Sin embargo, ¿puede el presidente Biden mantener una posición moral superior al acusar al presidente ruso, Vladimir Putin, de crímenes de guerra? Una breve mirada a la postura de este país sobre sus propias transgresiones responde a esa pregunta.
Crímenes brutales e hipocresía. El único organismo internacional permanente con autoridad para enjuiciar el genocidio, los crímenes de guerra, los crímenes de lesa humanidad y los crímenes de agresión es la Corte Penal Internacional (CPI) de La Haya. La CPI se fundó bajo los auspicios de las Naciones Unidas. Después de años de debate, 123 países finalmente firmaron un tratado, conocido como el Estatuto de Roma, mediante el cual se creó la CPI en 2002. La deficiencia del acuerdo es que solo se aplica a los países signatarios y estipula que solo se puede investigar y juzgar a individuos por violencia y perjuicios, no a instituciones ni gobiernos.

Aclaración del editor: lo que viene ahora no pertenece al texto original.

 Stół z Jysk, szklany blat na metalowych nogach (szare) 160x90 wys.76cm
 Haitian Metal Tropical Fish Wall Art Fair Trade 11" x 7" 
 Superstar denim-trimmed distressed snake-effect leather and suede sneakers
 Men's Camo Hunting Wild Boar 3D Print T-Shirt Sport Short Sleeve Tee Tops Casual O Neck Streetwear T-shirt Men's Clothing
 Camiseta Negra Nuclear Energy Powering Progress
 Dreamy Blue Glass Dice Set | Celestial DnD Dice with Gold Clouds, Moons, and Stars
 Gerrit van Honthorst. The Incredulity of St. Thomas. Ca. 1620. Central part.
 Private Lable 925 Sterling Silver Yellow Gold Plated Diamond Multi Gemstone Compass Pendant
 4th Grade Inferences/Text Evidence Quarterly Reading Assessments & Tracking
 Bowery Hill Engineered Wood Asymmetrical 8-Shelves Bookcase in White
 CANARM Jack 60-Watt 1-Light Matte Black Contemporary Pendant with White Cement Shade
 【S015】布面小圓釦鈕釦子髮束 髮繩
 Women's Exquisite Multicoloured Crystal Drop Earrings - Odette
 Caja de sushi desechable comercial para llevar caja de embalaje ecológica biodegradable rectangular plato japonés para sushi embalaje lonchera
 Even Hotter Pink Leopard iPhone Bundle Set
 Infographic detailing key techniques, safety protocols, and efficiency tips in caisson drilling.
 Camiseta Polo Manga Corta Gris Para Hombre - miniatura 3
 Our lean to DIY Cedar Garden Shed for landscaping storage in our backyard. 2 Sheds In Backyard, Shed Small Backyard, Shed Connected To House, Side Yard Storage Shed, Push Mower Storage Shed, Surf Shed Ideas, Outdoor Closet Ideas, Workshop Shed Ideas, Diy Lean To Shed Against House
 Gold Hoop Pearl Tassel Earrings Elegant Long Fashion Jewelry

Estados Unidos y China, entre algunos otros, votaron en contra del tratado.
Rusia lo ratificó y luego se retiró en 2016 para evitar acusaciones de atrocidades en Siria y Crimea contra sus fuerzas armadas.
El tribunal emitió su primer fallo en 2012 cuando declaró al líder rebelde congoleño Thomas Lubanga Dyilo culpable de crímenes de guerra relacionados con el uso de niños soldados. Desde entonces, la CPI ha acusado a un total de 46 personas, incluido el exjefe de Estado libio Muammar Gaddafi.
Actualmente, el personal del tribunal está realizando investigaciones en la República Democrática del Congo, Venezuela, Georgia, Afganistán, Libia y otros doce países. Casi ninguno está en Europa ni América del Norte.
A lo largo de los años, varios gobiernos estadounidenses han tenido diferentes actitudes hacia el tratado. La principal objeción ha sido a la cuestión de otorgar jurisdicción a la Corte Penal Internacional sobre un miembro del gobierno de los Estados Unidos o de sus fuerzas armadas.
En el año 2000, el presidente Bill Clinton finalmente firmó el tratado después de la guerra en Kosovo, pero nunca lo envió al Congreso de los Estados Unidos para su ratificación.
Posteriormente, la administración Trump inició una guerra total contra el tribunal. En 2018, el asesor de Seguridad Nacional del presidente Trump, John Bolton, dijo a la Asamblea General de la ONU: “En lo que respecta a Estados Unidos, la CPI no tiene jurisdicción, legitimidad ni autoridad”.
Para probarlo, en 2019, el secretario de Estado Mike Pompeo prohibió las visas para abogados y personal judicial que investigaban los asesinatos de civiles en Afganistán por parte de Estados Unidos. Las investigaciones de la CPI sobre los abusos de los derechos humanos cometidos por Israel contra los palestinos provocaron más denegaciones de visas. Posteriormente, el presidente Trump emitió una orden ejecutiva radical en 2020 que amenazaba con sancionar a cualquier persona, incluidos los periodistas, que investigara la tortura y otros delitos cometidos por la CIA en centros de detención clandestinos.
En abril de 2021, el presidente Biden abrogó la orden de Trump, pero reiteró la resistencia de Estados Unidos a cooperar con el tribunal. En oposición, la representante Ilhan Omar presentó una resolución al Congreso, firmada por ocho legisladores solitarios, en la que pedía a Estados Unidos que se uniera a la Corte Penal Internacional.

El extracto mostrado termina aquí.